Synovial phenotypes in rheumatoid arthritis correlate with response to biologic therapeutics
- Equal contributors
1 Departments of Immunology Discovery, Genentech, South San Francisco, California, USA
2 ITGR Diagnostics Discovery, Genentech, South San Francisco, California, USA
3 Bioinformatics and Computational Biology, Genentech, South San Francisco, California, USA
4 Non-clinical Biostatistics, Genentech, South San Francisco, California, USA
5 Pathology, Genentech, South San Francisco, California, USA
6 Bioanalytical Sciences, Genentech, South San Francisco, California, USA
7 Product Development, Genentech, South San Francisco, California, USA
8 University Hospital of Geneva, Geneva, Switzerland
9 University of California San Diego, San Diego, California, USA
10 Rheumatic Disease Core Center and Division of Rheumatology, Department of Internal Medicine, University of Michigan Medical School, Ann Arbor, Michigan, USA
11 Current address: Inflammation Therapeutic Area, Amgen, 1201 Amgen Court West, Seattle, Washington, USA
Arthritis Research & Therapy 2014, 16:R90 doi:10.1186/ar4555Published: 30 April 2014
Rheumatoid arthritis (RA) is a complex and clinically heterogeneous autoimmune disease. Currently, the relationship between pathogenic molecular drivers of disease in RA and therapeutic response is poorly understood.
We analyzed synovial tissue samples from two RA cohorts of 49 and 20 patients using a combination of global gene expression, histologic and cellular analyses, and analysis of gene expression data from two further publicly available RA cohorts. To identify candidate serum biomarkers that correspond to differential synovial biology and clinical response to targeted therapies, we performed pre-treatment biomarker analysis compared with therapeutic outcome at week 24 in serum samples from 198 patients from the ADACTA (ADalimumab ACTemrA) phase 4 trial of tocilizumab (anti-IL-6R) monotherapy versus adalimumab (anti-TNFα) monotherapy.
We documented evidence for four major phenotypes of RA synovium – lymphoid, myeloid, low inflammatory, and fibroid - each with distinct underlying gene expression signatures. We observed that baseline synovial myeloid, but not lymphoid, gene signature expression was higher in patients with good compared with poor European league against rheumatism (EULAR) clinical response to anti-TNFα therapy at week 16 (P =0.011). We observed that high baseline serum soluble intercellular adhesion molecule 1 (sICAM1), associated with the myeloid phenotype, and high serum C-X-C motif chemokine 13 (CXCL13), associated with the lymphoid phenotype, had differential relationships with clinical response to anti-TNFα compared with anti-IL6R treatment. sICAM1-high/CXCL13-low patients showed the highest week 24 American College of Rheumatology (ACR) 50 response rate to anti-TNFα treatment as compared with sICAM1-low/CXCL13-high patients (42% versus 13%, respectively, P =0.05) while anti-IL-6R patients showed the opposite relationship with these biomarker subgroups (ACR50 20% versus 69%, P =0.004).
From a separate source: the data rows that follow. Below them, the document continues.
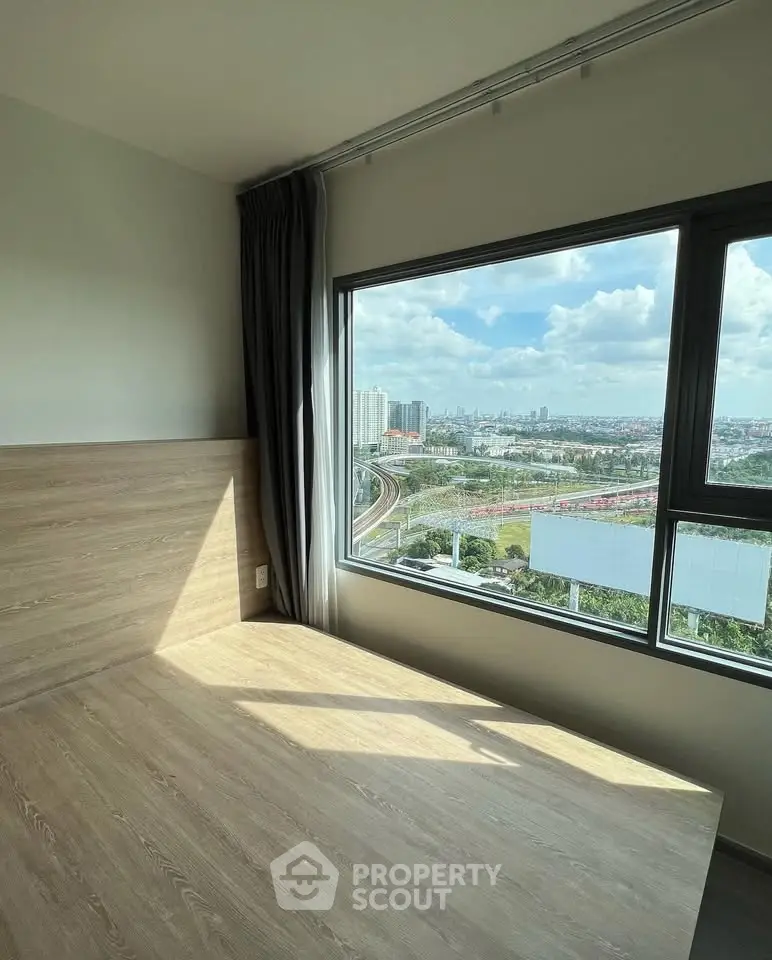 Bright bedroom with large window offering stunning city view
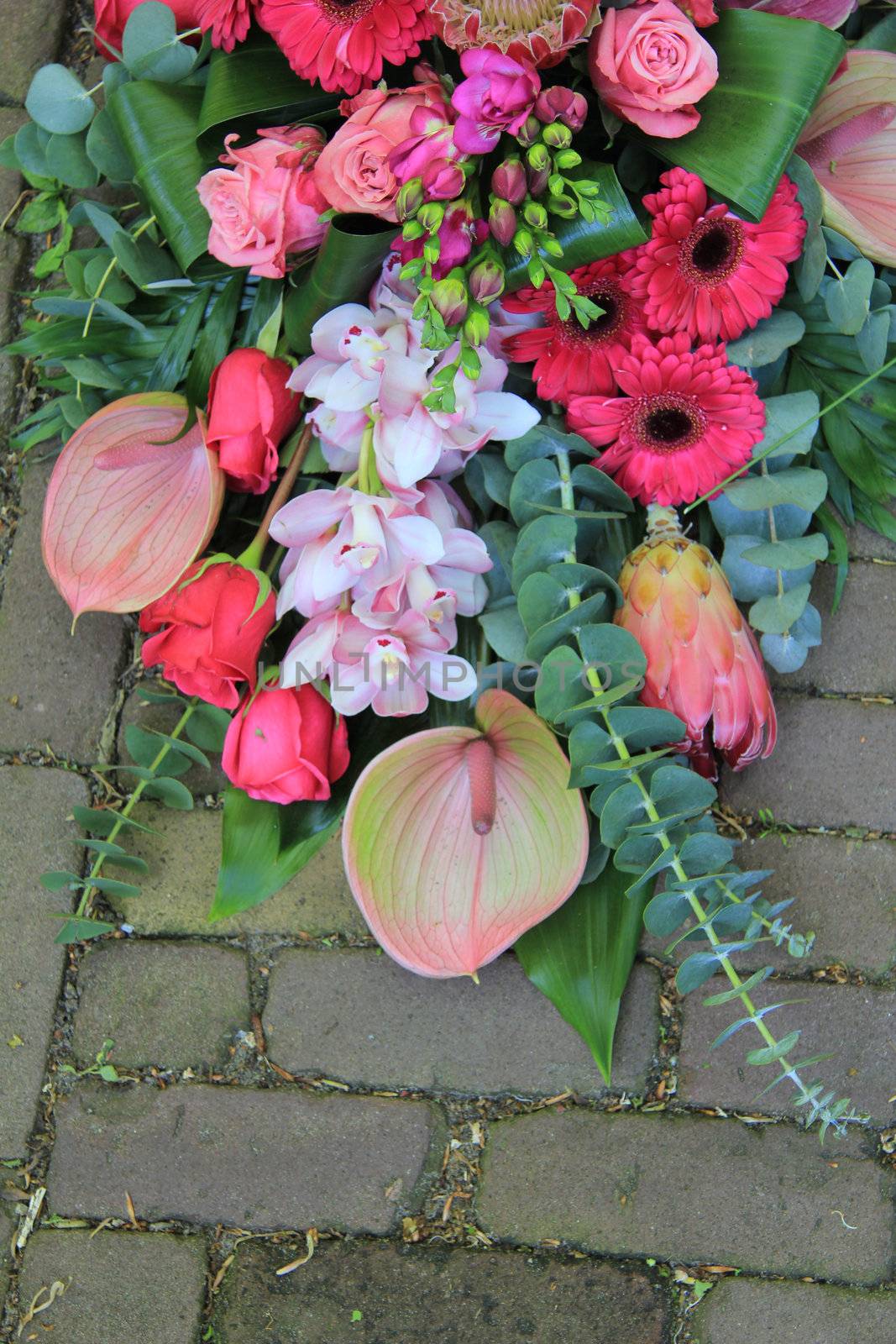 Big sympathy bouquet in different shades of pink on the pavement
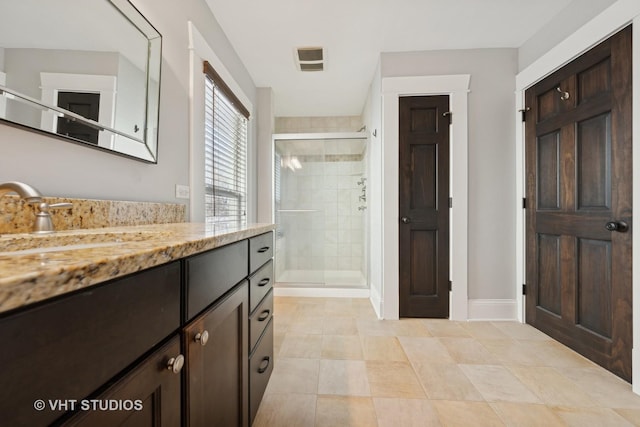 bathroom with vanity and a shower with door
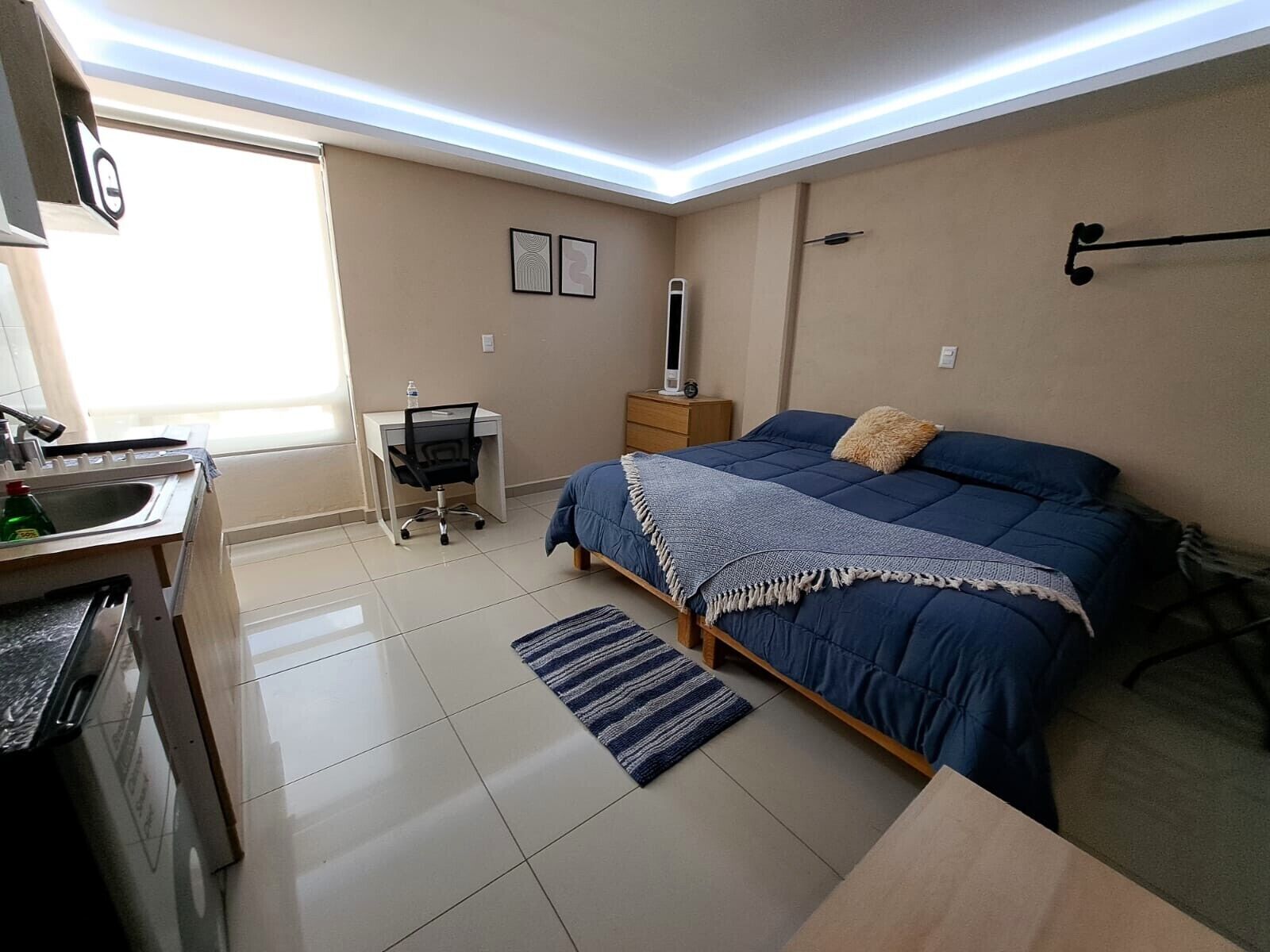 Un dormitorio con cama, mesita de noche, lámpara y escritorio con silla.
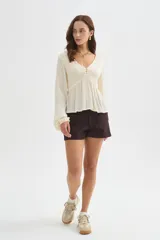 Blusa blanca de viscosa, con cuello en V, detalles de frunces en el frente, botones decorativos y mangas largas holgadas.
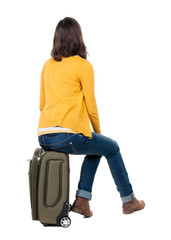 back view of walking  woman  in cardigan sits on a suitcase.
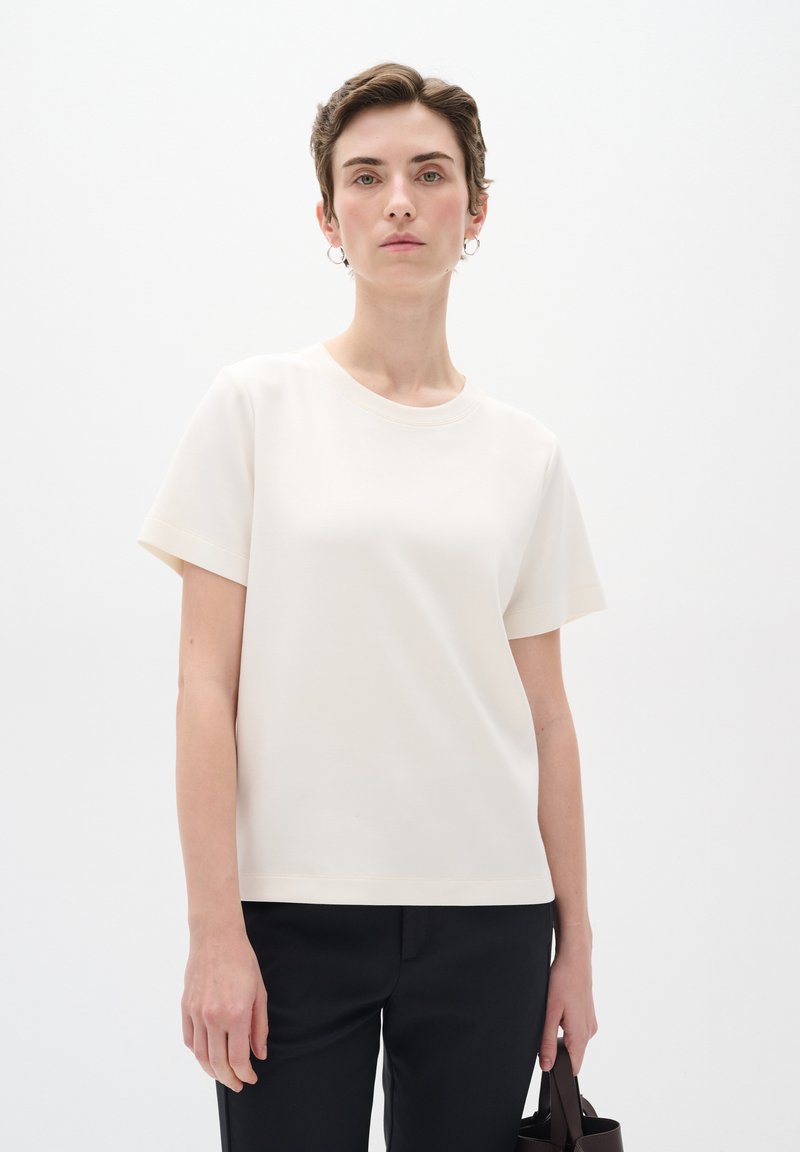 Cream short-sleeve t-shirt with a crew neckline, made of soft fabric. Worn with dark pants, model holds a small brown handbag.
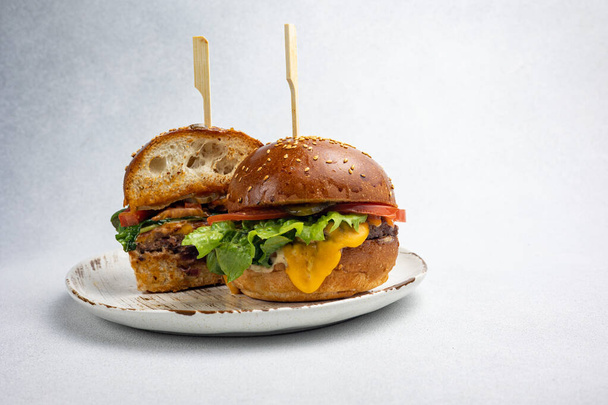 A delicious hamburger from a restaurant. Close up - Foto, Imagem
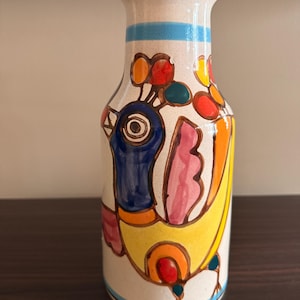 May include: A hand-painted ceramic vase with a colorful bird design. The vase features a cream-colored base with a blue stripe, and a brown rim. The bird is depicted with yellow, blue, pink, orange, and red accents.
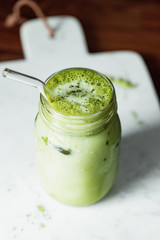 Matcha green tea latte in a glass jar with glass tube on a white marble tray. Healthy clean eating concept.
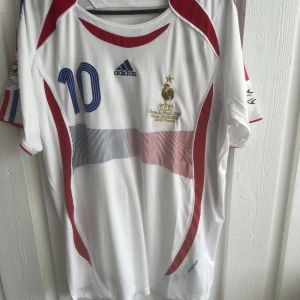Frankrike Zidane VM 2006 fotbollströja - Säljer en officiell Frankrike fotbollströja från VM 2006 med Zidane och nummer 10 på ryggen. Tröjan är vit med röda och blå detaljer, Adidas-logga på bröstet och broderat VM-märke. Tillverkad i lätt polyester med korta ärmar och rund hals.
These data demonstrate that underlying molecular and cellular heterogeneity in RA impacts clinical outcome to therapies targeting different biological pathways, with patients with the myeloid phenotype exhibiting the most robust response to anti-TNFα. These data suggest a path to identify and validate serum biomarkers that predict response to targeted therapies in rheumatoid arthritis and possibly other autoimmune diseases.